To avoid this conclusion, Ko argues that he was “improperly determined” to have made an error when contrasted to similarly situated employees. (R. 36-1 at 22.) But, as explained, there is no evidence that Ko was treated less favorably than similarly situated employees. To the extent Ko's argument could be interpreted to claim that that the determination that he was negligent was pretextual, see, e.g., Stringham v. Carmel Clay Sch., No. 22 C 817, 2024 WL 51185, at *13 (S.D. Ind.
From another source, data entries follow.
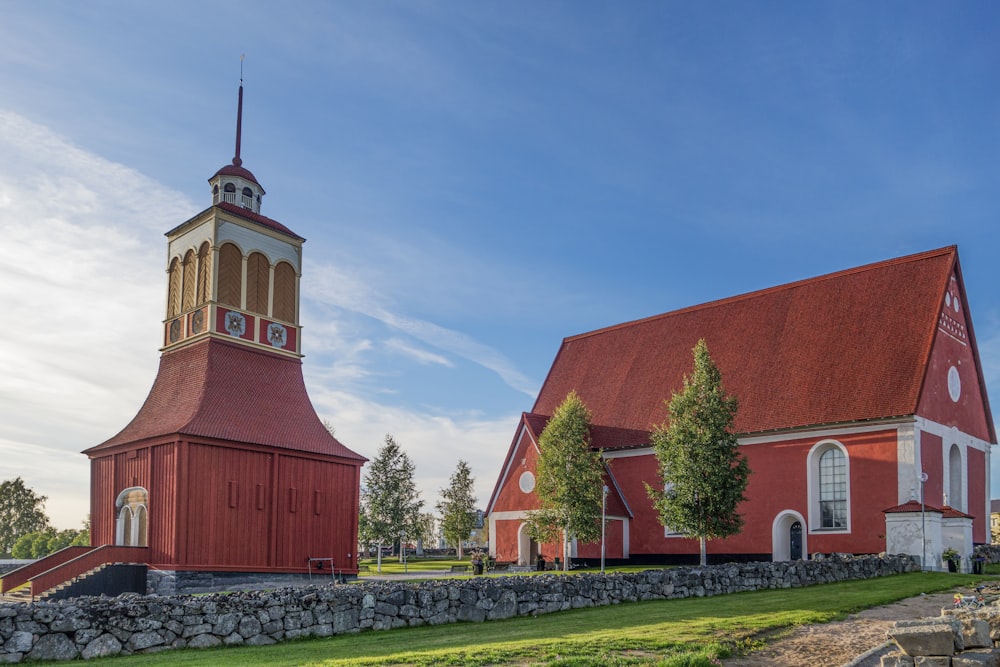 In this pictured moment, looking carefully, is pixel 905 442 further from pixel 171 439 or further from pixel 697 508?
pixel 171 439

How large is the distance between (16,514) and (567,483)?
6010 centimetres

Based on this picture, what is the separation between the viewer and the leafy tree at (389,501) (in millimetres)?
54125

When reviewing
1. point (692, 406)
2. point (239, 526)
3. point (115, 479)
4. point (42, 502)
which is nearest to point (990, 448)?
point (692, 406)

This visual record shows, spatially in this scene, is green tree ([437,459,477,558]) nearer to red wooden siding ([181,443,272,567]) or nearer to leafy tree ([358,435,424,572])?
leafy tree ([358,435,424,572])

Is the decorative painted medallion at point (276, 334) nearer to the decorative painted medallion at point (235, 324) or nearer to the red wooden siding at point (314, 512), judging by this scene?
the decorative painted medallion at point (235, 324)

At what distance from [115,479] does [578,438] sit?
1880 cm

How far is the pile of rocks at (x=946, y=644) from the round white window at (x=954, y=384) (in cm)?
2788

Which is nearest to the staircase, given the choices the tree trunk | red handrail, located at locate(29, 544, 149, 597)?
red handrail, located at locate(29, 544, 149, 597)

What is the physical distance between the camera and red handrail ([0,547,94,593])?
30598 millimetres

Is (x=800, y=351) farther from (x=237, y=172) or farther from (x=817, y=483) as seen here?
(x=237, y=172)

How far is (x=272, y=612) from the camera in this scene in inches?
608

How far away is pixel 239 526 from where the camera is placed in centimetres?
3170

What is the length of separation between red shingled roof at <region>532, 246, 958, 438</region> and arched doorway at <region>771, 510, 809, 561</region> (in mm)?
3697

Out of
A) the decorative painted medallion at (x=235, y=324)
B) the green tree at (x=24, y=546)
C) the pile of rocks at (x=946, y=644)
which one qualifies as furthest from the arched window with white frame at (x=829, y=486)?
the green tree at (x=24, y=546) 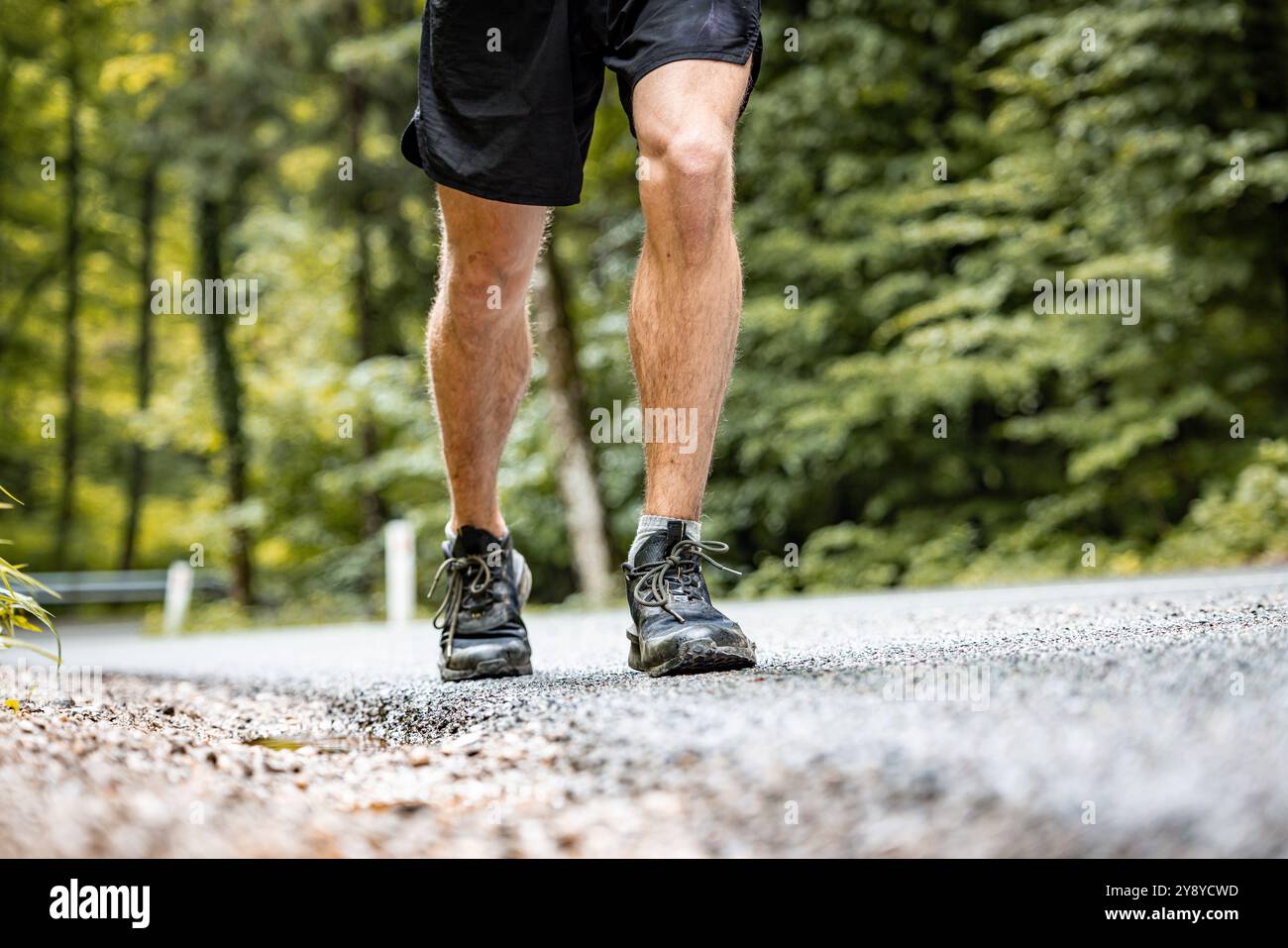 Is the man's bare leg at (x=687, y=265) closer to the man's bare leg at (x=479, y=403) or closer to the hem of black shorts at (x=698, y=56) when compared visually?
the hem of black shorts at (x=698, y=56)

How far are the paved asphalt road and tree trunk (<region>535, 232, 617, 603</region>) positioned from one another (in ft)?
25.4

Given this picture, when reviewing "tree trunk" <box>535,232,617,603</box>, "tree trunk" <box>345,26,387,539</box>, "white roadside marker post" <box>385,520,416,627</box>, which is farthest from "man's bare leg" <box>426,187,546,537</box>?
"tree trunk" <box>345,26,387,539</box>

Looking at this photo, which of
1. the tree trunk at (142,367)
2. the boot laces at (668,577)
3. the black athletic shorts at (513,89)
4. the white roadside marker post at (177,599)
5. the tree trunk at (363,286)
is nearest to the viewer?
the boot laces at (668,577)

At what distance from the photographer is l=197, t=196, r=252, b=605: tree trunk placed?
48.7 feet

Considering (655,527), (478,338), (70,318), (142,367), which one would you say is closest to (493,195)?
(478,338)

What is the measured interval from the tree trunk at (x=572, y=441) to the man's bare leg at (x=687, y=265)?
756 centimetres

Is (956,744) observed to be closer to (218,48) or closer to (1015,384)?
(1015,384)

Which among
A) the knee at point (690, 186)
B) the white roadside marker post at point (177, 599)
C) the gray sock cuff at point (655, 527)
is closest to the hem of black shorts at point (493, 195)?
the knee at point (690, 186)

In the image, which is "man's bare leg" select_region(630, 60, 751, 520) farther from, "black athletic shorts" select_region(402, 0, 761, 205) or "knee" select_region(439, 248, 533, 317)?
"knee" select_region(439, 248, 533, 317)

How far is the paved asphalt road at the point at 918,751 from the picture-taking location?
3.14ft

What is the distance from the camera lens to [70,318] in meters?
20.9

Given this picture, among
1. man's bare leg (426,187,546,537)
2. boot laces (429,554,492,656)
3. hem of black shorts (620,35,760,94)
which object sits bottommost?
boot laces (429,554,492,656)

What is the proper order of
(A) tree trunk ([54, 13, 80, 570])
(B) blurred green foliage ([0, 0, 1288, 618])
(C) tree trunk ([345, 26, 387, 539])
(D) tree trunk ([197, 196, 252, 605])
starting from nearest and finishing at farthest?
(B) blurred green foliage ([0, 0, 1288, 618]), (C) tree trunk ([345, 26, 387, 539]), (D) tree trunk ([197, 196, 252, 605]), (A) tree trunk ([54, 13, 80, 570]) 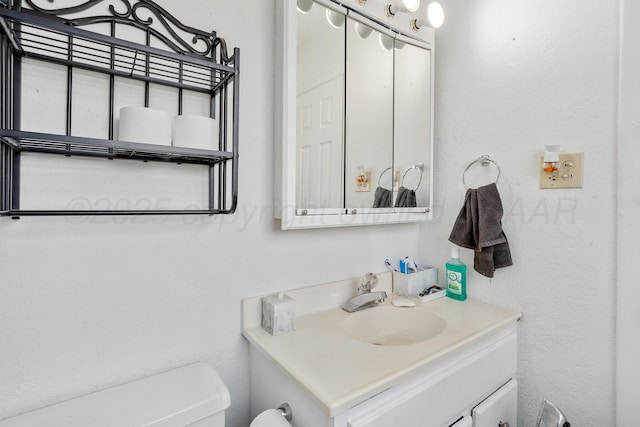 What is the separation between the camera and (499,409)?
1.06 m

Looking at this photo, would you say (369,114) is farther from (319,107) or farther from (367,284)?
(367,284)

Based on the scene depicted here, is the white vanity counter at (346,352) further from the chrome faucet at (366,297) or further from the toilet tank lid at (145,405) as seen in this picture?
the toilet tank lid at (145,405)

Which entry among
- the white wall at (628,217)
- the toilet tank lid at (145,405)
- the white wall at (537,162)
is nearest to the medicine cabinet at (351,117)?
the white wall at (537,162)

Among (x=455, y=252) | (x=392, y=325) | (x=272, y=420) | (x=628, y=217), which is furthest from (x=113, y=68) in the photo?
(x=628, y=217)

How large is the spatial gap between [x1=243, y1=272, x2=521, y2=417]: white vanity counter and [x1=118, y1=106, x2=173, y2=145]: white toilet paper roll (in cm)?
58

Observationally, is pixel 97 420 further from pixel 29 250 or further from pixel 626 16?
pixel 626 16

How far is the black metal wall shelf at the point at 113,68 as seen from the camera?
65 centimetres

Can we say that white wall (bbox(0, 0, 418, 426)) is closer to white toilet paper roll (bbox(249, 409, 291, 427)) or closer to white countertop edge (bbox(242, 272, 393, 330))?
white countertop edge (bbox(242, 272, 393, 330))

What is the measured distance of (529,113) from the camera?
114 centimetres

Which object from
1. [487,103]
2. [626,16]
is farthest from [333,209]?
[626,16]

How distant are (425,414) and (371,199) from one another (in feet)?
2.39

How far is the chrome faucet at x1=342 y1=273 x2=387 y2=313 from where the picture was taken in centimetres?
118

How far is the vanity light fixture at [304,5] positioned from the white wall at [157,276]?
100 millimetres

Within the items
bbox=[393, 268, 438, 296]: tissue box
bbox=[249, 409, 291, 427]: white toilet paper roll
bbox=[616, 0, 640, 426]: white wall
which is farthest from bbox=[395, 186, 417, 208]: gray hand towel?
bbox=[249, 409, 291, 427]: white toilet paper roll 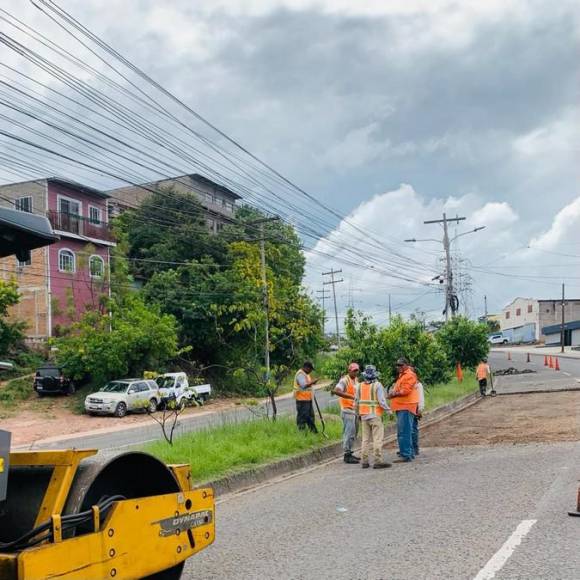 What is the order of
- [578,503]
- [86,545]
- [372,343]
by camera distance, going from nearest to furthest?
[86,545] → [578,503] → [372,343]

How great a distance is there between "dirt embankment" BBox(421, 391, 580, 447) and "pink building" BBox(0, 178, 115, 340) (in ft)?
76.9

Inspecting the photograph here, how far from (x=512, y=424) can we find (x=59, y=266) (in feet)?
94.7

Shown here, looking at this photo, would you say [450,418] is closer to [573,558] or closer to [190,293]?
[573,558]

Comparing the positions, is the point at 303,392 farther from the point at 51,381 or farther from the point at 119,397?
the point at 51,381

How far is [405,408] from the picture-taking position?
1181 cm

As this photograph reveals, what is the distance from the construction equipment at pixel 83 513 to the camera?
3.67 metres

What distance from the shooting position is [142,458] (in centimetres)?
478

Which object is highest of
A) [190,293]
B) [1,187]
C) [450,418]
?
[1,187]

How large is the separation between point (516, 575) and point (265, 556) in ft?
6.84

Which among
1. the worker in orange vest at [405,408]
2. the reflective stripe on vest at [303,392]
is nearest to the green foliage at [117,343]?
the reflective stripe on vest at [303,392]

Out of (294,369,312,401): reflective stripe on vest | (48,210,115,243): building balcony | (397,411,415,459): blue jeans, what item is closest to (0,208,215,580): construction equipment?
(397,411,415,459): blue jeans

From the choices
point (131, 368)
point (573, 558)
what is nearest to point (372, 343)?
point (573, 558)

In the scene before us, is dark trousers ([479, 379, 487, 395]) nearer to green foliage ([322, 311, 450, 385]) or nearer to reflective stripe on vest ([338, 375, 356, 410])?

Jan. 4, 2024) (interpreting the plaintiff's argument that her “supervisors targeted and treated her differently than other counselors” “as argument that the documentary evidence, associated mostly with Cole, should be discredited as pretextual.”), a showing of pretext requires evidence that would support an inference that the reasons given for imposing the five-day suspension “1) had no basis in fact; 2) did not actually motivate [Ko's supervisor's] decision; or 3) was insufficient to motivate [their] decision.” Grayson v. O'Neill, 308 F.3d 808, 820 (7th Cir. 2002).
There is no such evidence in this case, however. The letter explaining the suspension cited several aggravating factors supporting the conclusion that Ko had been negligent in the performance of his duty, including his supervisory role and his own admission that he should have instructed the officers to conduct a more complete search. (Pl.'s Resp. to Def.'s SOF ¶ 36.) The fact that there were many reasons for the suspension also shows that Pfeiffer's decision was not exclusively grounded in Murrillo and Fraser's versions of events. (See R. 36-1 at 22.) But, even if Pfeiffer had solely relied on Murillo and Fraser's accounts, this would not show that Ko's discipline was pretextual. Reasonable managers could disagree whether Ko's version of events should control, but relying on the word of two officers whose separately authored accounts of the event corroborated each other was certainly a reasonable basis for the disciplinary action.
***
All said, Ko's theory of race discrimination simply does not present a genuine issue of material fact. Even when given the benefit of reasonable inferences in his favor, a reasonable jury could not find that Ko was discriminated against on the basis of his race because there is no evidence showing that he was treated worse than a similarly situated individual or that he was performing to his employer's legitimate expectations.
CONCLUSION
The defendant's motion for summary judgment is granted.